**RECORDS TO PROCESS:**
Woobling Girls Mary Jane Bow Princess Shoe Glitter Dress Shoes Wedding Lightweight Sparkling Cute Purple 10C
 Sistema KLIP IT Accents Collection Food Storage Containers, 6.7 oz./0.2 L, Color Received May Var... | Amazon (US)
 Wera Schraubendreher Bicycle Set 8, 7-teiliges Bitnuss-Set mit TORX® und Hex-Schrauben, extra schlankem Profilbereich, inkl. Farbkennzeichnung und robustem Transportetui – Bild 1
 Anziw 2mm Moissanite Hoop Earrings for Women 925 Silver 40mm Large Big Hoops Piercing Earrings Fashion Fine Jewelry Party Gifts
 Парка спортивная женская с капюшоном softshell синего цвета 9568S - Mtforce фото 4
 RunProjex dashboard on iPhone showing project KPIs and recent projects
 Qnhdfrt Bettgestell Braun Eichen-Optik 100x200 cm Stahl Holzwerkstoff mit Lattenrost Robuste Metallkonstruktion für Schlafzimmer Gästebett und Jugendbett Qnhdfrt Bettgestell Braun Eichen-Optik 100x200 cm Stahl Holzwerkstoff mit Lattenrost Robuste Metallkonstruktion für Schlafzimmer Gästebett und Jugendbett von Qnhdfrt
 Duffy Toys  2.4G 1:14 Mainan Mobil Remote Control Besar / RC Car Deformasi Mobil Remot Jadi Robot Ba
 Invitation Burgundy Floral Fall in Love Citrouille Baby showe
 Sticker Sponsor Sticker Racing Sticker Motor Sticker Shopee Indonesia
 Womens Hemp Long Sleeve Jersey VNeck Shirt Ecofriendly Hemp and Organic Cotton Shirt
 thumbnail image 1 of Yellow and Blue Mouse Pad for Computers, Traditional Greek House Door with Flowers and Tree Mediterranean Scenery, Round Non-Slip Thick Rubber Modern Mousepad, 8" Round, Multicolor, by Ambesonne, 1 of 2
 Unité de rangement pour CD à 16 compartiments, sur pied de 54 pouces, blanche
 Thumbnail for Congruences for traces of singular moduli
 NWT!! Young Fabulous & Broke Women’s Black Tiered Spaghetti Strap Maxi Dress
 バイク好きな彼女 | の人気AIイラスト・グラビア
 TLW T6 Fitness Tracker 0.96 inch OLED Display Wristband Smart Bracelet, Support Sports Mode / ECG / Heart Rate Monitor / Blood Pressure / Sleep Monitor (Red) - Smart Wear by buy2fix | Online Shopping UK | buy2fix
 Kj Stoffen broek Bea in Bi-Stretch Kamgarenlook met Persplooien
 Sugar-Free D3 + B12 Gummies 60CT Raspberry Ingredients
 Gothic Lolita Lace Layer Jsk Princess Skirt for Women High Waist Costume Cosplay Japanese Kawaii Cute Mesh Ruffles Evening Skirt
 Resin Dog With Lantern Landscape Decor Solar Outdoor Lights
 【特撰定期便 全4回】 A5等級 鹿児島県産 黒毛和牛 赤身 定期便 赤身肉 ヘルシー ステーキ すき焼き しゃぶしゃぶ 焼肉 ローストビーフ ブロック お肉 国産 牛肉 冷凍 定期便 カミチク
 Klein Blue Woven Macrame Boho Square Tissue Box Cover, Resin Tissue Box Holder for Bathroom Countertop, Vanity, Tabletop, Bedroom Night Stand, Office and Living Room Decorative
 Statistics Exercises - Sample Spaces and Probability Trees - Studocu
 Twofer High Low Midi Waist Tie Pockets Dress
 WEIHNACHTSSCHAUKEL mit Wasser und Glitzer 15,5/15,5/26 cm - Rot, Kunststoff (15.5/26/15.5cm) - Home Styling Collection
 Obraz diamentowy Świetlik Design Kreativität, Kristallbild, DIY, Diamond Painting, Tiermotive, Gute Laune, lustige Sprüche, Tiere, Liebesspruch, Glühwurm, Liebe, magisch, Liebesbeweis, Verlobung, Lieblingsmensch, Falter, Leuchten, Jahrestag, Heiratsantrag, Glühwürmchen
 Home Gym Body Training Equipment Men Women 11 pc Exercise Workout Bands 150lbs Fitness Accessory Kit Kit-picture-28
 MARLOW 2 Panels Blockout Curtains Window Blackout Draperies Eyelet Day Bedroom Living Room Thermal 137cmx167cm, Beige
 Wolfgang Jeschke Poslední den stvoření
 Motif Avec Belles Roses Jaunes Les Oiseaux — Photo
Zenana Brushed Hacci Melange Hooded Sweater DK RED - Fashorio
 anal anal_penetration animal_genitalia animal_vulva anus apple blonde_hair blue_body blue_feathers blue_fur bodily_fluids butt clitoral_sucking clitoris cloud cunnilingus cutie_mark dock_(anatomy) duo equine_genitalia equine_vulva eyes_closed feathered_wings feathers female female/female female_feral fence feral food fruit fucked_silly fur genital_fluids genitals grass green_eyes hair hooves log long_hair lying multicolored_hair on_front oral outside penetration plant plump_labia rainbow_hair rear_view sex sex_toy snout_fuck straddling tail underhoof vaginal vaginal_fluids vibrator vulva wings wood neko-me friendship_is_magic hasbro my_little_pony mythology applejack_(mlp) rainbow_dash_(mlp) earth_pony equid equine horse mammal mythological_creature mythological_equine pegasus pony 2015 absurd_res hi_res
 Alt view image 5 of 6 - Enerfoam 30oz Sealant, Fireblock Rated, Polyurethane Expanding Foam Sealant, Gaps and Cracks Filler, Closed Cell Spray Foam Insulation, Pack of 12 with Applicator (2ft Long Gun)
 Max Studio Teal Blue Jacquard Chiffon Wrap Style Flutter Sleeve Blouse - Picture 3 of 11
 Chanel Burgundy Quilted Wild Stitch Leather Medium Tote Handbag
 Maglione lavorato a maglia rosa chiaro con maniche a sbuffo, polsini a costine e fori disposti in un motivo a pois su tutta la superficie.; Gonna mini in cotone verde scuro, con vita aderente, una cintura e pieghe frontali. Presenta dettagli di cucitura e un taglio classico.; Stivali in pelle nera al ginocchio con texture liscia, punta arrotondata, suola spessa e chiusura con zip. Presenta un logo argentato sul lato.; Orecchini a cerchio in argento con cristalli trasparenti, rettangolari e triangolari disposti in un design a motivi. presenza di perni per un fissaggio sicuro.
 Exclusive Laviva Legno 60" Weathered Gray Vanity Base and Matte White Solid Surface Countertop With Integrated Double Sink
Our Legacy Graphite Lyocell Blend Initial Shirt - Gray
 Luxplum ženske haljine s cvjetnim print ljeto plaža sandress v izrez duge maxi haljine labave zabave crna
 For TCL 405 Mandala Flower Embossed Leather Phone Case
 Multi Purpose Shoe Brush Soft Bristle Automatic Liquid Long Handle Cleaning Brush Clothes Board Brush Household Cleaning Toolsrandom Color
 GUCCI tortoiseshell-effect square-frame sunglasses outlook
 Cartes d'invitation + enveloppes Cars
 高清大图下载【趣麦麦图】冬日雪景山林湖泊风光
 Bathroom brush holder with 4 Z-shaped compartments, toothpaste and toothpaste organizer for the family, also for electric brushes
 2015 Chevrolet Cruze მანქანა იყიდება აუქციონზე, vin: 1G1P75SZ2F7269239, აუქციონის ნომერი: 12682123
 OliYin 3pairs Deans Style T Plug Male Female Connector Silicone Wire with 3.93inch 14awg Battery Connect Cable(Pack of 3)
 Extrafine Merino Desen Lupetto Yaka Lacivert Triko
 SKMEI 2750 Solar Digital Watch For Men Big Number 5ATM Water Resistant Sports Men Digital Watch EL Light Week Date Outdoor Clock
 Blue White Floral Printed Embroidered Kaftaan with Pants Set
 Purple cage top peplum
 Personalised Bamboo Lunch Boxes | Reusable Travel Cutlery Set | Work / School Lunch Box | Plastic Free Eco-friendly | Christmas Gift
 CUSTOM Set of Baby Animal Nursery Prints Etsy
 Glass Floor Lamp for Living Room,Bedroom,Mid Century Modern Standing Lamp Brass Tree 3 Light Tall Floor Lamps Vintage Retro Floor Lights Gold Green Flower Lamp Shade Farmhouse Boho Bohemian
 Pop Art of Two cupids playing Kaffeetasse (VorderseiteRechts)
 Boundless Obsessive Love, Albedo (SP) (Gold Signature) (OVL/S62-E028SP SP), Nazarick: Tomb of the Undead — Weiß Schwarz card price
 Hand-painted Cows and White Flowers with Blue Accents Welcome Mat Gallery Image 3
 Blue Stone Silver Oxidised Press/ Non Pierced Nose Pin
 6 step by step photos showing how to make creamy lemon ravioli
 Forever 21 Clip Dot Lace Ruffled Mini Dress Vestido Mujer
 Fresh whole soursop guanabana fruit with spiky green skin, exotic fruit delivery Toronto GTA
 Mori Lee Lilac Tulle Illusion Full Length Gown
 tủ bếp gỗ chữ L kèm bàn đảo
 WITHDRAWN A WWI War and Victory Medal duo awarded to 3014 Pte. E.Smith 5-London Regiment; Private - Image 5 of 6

**YOUR ASSIGNMENT:** How many lines of the listing include the string "Lights"? Respond with the number only.

**SOLUTION BELOW:** 2